*** Opening Extracted material ***

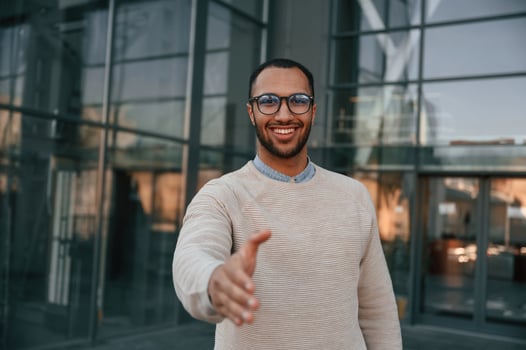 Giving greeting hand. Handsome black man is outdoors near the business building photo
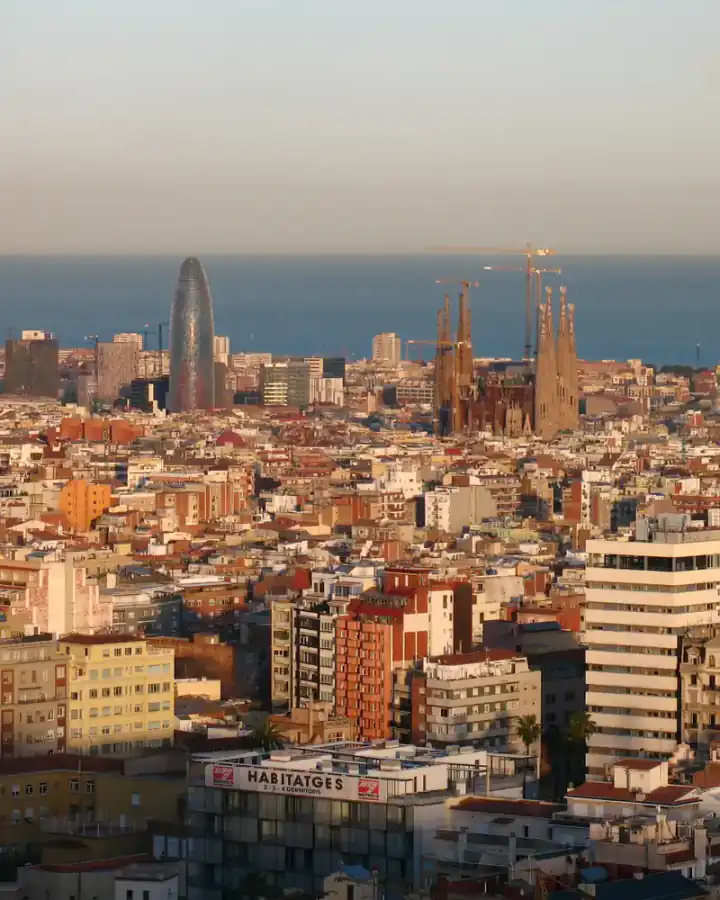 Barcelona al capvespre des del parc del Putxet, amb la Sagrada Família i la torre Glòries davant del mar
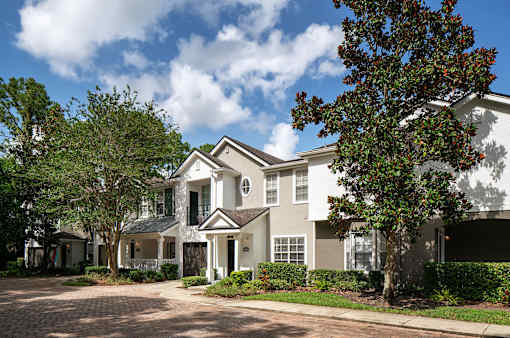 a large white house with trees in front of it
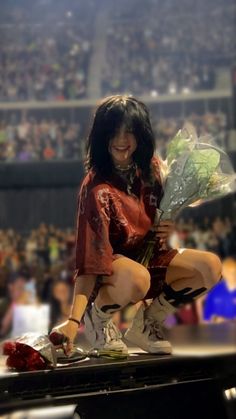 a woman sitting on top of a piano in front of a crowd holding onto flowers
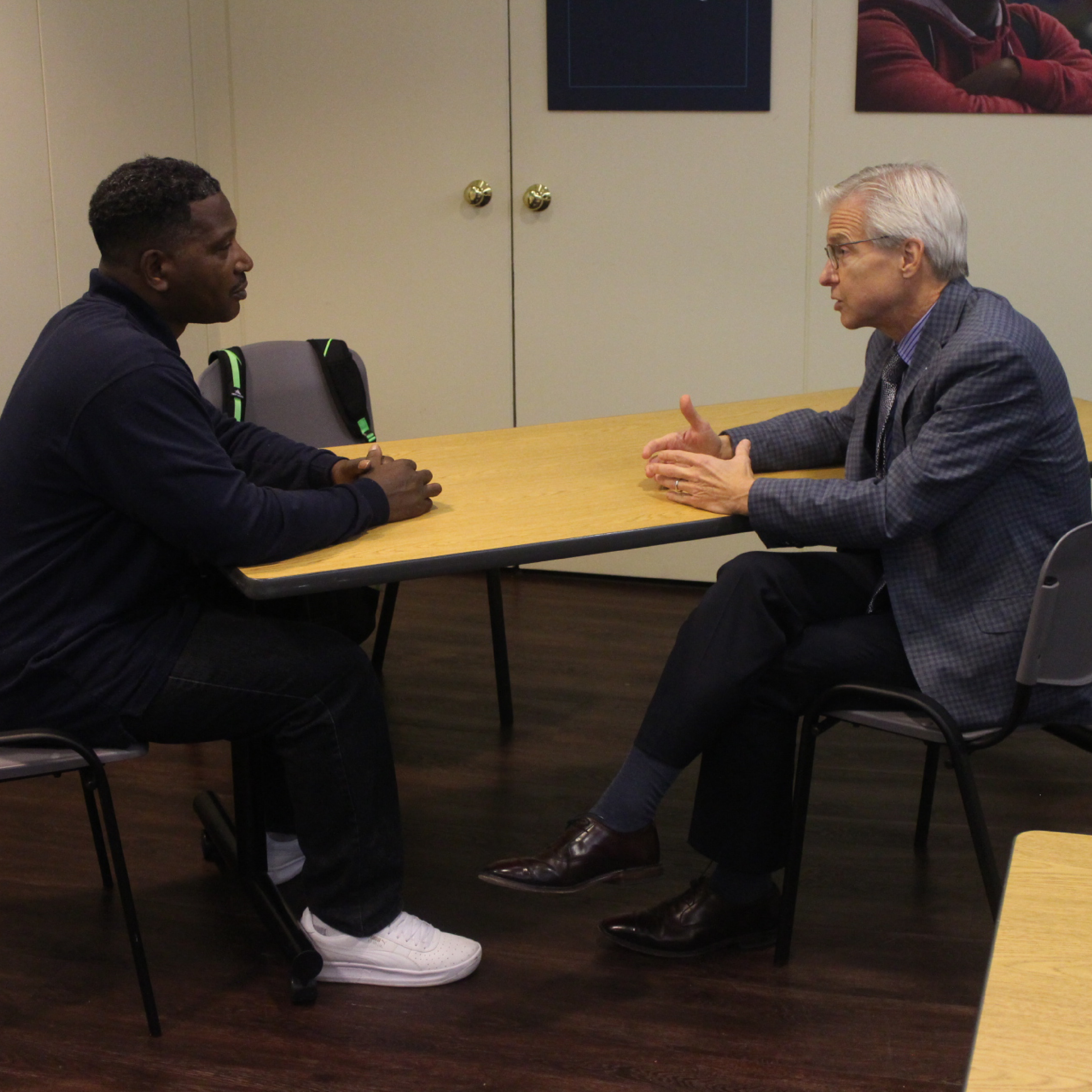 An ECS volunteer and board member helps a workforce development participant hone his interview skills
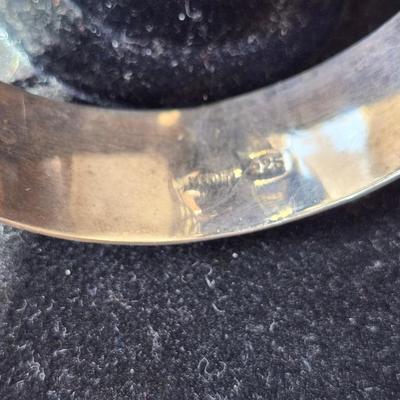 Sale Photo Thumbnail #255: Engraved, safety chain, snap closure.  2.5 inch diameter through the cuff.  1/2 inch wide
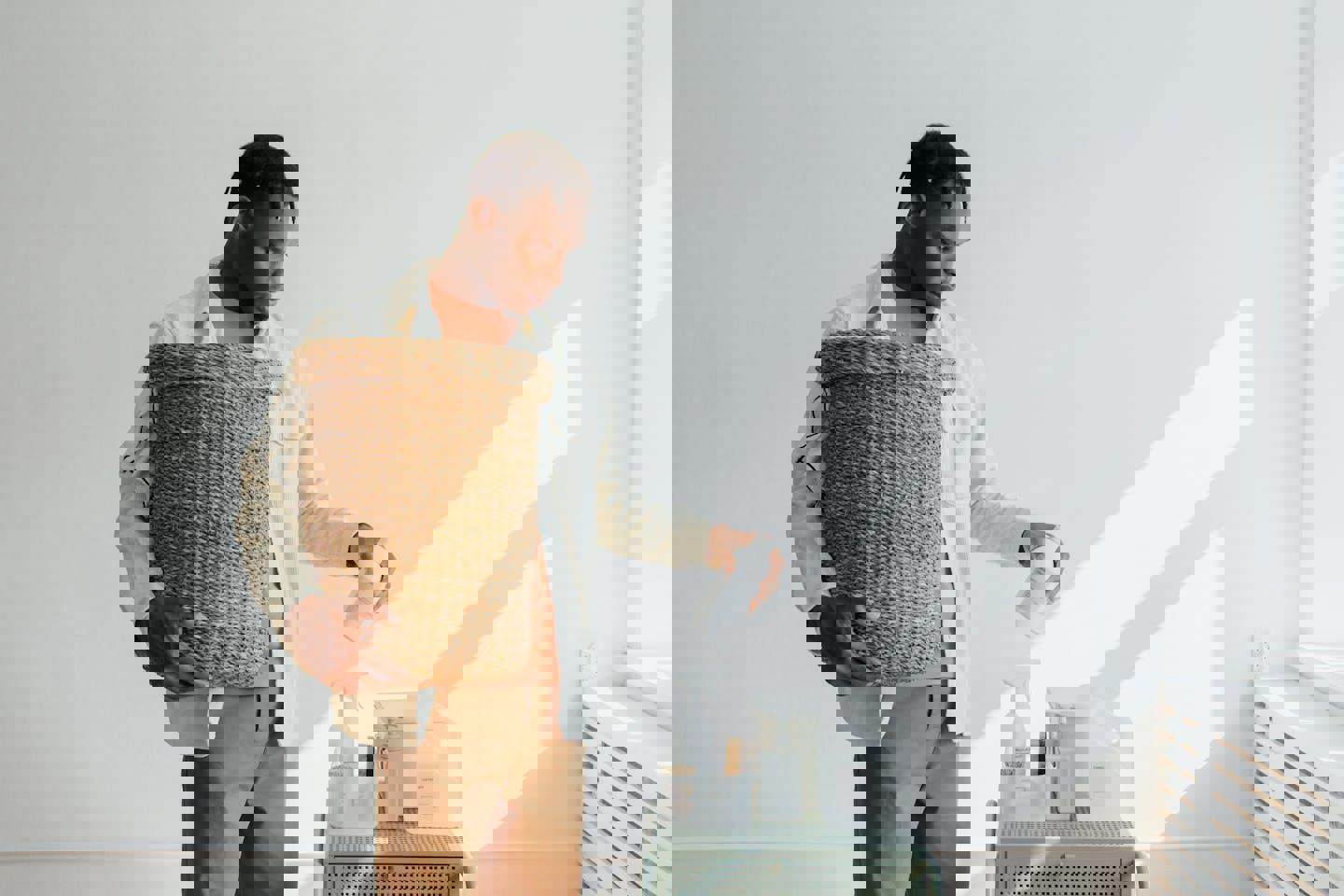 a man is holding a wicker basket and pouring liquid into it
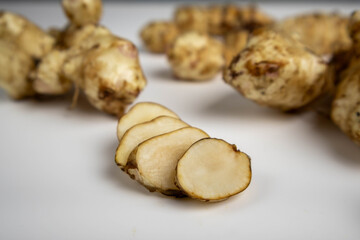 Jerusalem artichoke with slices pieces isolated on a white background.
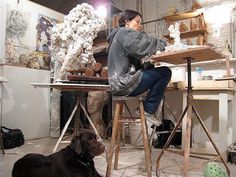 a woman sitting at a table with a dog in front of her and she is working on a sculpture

*** Closing Extracted material ***

## Exercise instructions
What you write must match the listing exactly, from the line with "Barcelona al capvespre" up to and including the line with "Jerusalem artichoke with". Pictures stay out.

## Response box
 Barcelona al capvespre des del parc del Putxet, amb la Sagrada Família i la torre Glòries davant del mar
 a large white house with trees in front of it
 a woman sitting on top of a piano in front of a crowd holding onto flowers
 An ECS volunteer and board member helps a workforce development participant hone his interview skills
 Sale Photo Thumbnail #255: Engraved, safety chain, snap closure.  2.5 inch diameter through the cuff.  1/2 inch wide
 a man is holding a wicker basket and pouring liquid into it
 Jerusalem artichoke with slices pieces isolated on a white background.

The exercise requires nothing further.